## Your goal:
Set the pictures aside and set down only the lines from the line holding "Vintage Silver Tone" through the end of the entries below, ends included.

(Dataset items)
####################

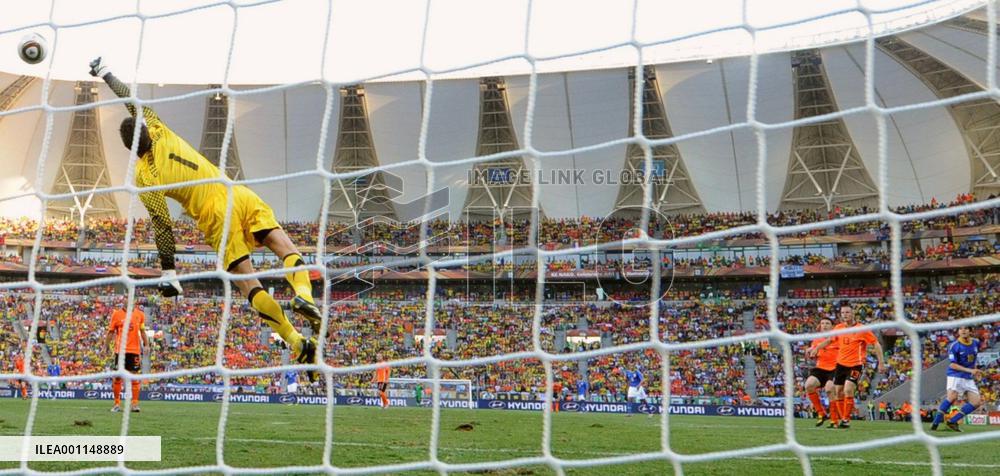 Netherlands defeat Brazil 2-1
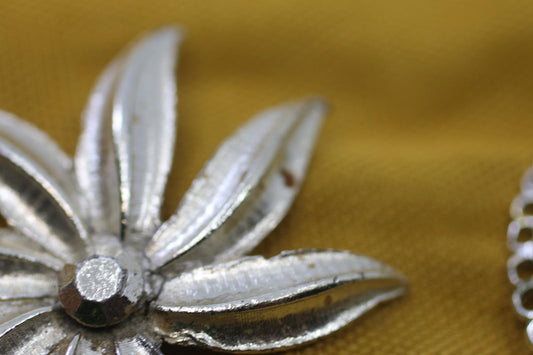 Vintage Silver Tone Floral Brooch – Sculptural Flower Design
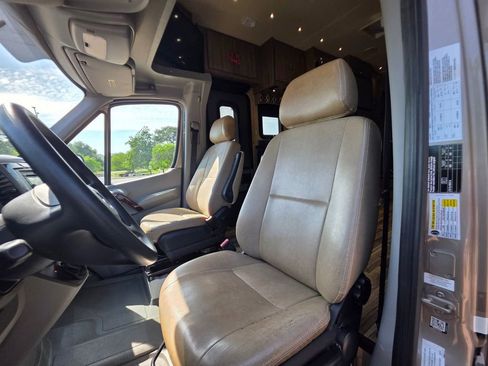 Used 2016 Mercedes-Benz Sprinter 3500 image 37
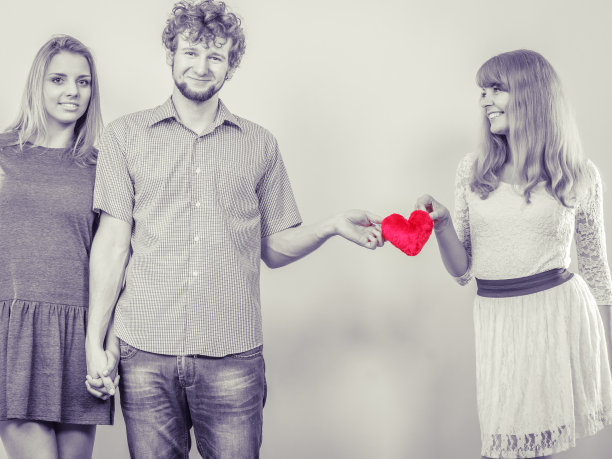 快乐的三角关系图片下载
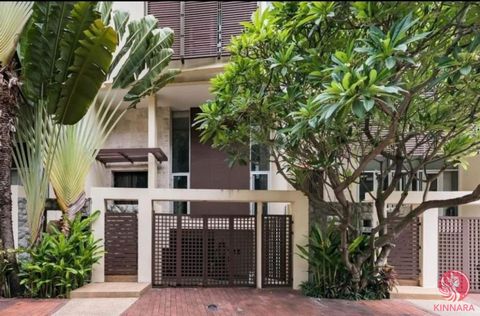 Newly Renovated Four Bedroom Townhouse in Sathorn for sale. The house is located on Soi Meksawat, close to Sathorn Road, and literally minutes from the Central Business District. - The property is in a quiet and peaceful area, but still close to subw...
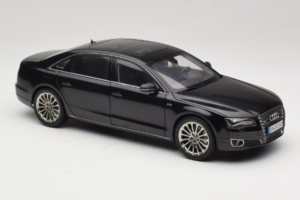 Audi A8L D3 W12 Phantom Black Kyosho 1:18 5011008125 Μέταλλο - εικόνα 6 από 8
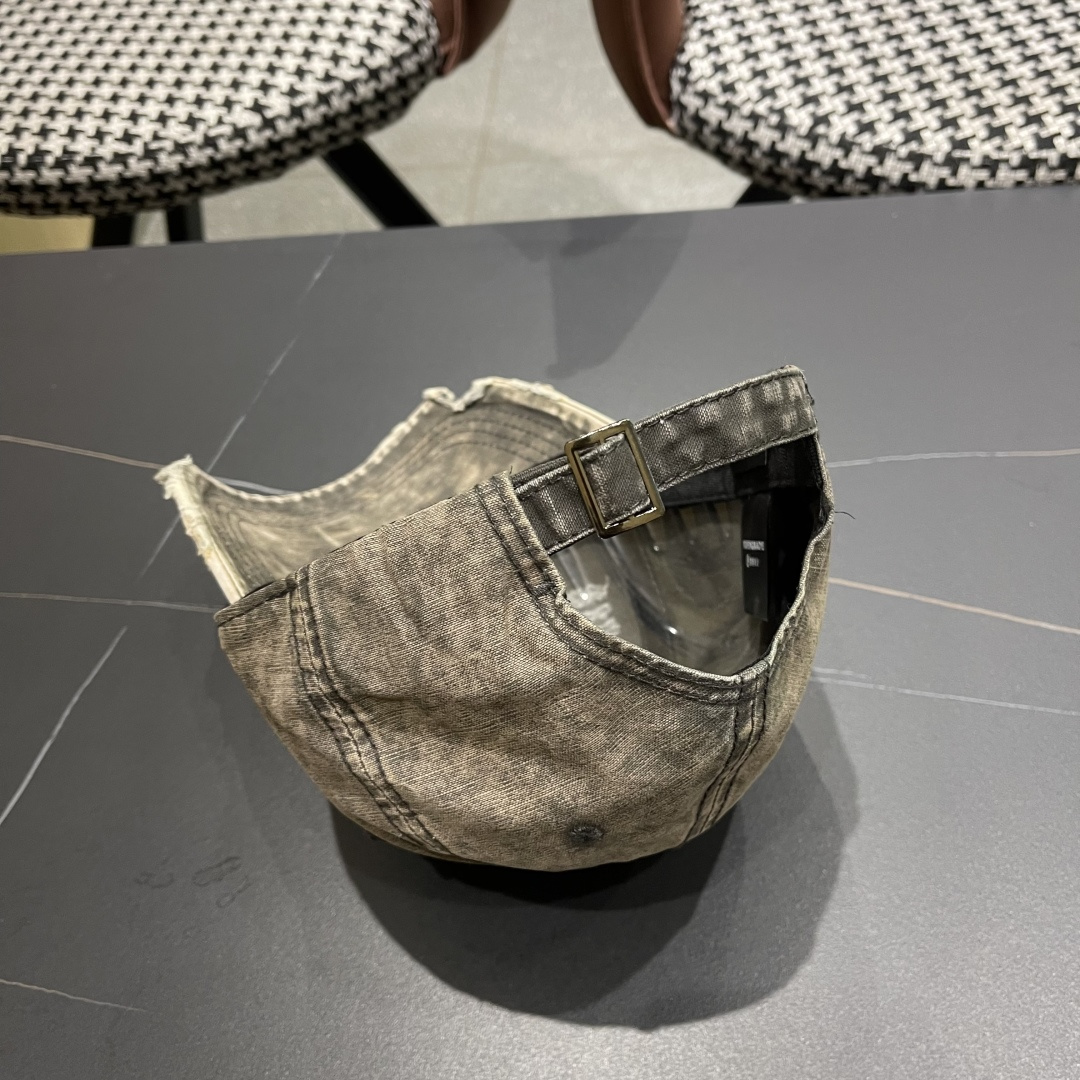 🧢巴黎世家Balenciaga🧢原单棒球帽♥️质量非常棒👍休闲时尚🌼百搭款♥️男女同款！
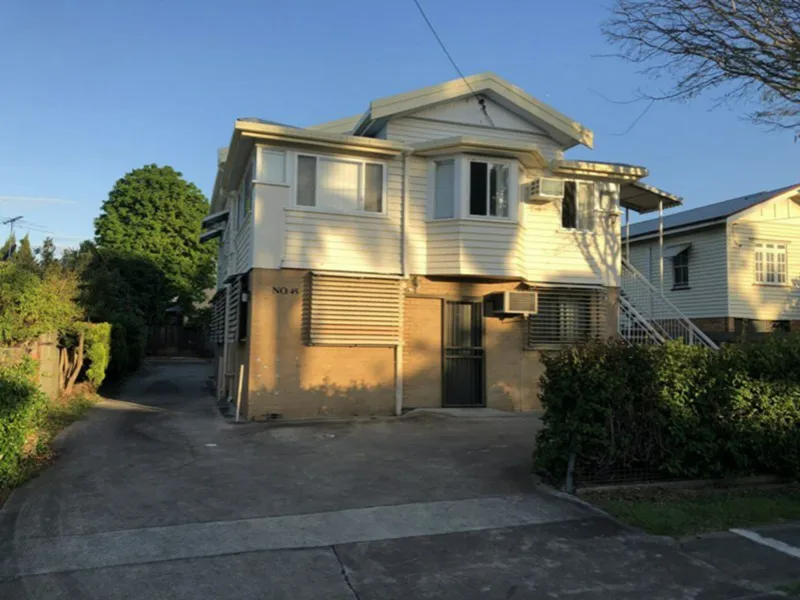 RENOVATED GEM IN HENDRA!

####################

## Answer to this problem:
 Vintage Silver Tone Floral Brooch – Sculptural Flower Design
 Used 2016 Mercedes-Benz Sprinter 3500 image 37
 快乐的三角关系图片下载
 Newly Renovated Four Bedroom Townhouse in Sathorn for sale. The house is located on Soi Meksawat, close to Sathorn Road, and literally minutes from the Central Business District. - The property is in a quiet and peaceful area, but still close to subw...
 Audi A8L D3 W12 Phantom Black Kyosho 1:18 5011008125 Μέταλλο - εικόνα 6 από 8
 🧢巴黎世家Balenciaga🧢原单棒球帽♥️质量非常棒👍休闲时尚🌼百搭款♥️男女同款！
 RENOVATED GEM IN HENDRA!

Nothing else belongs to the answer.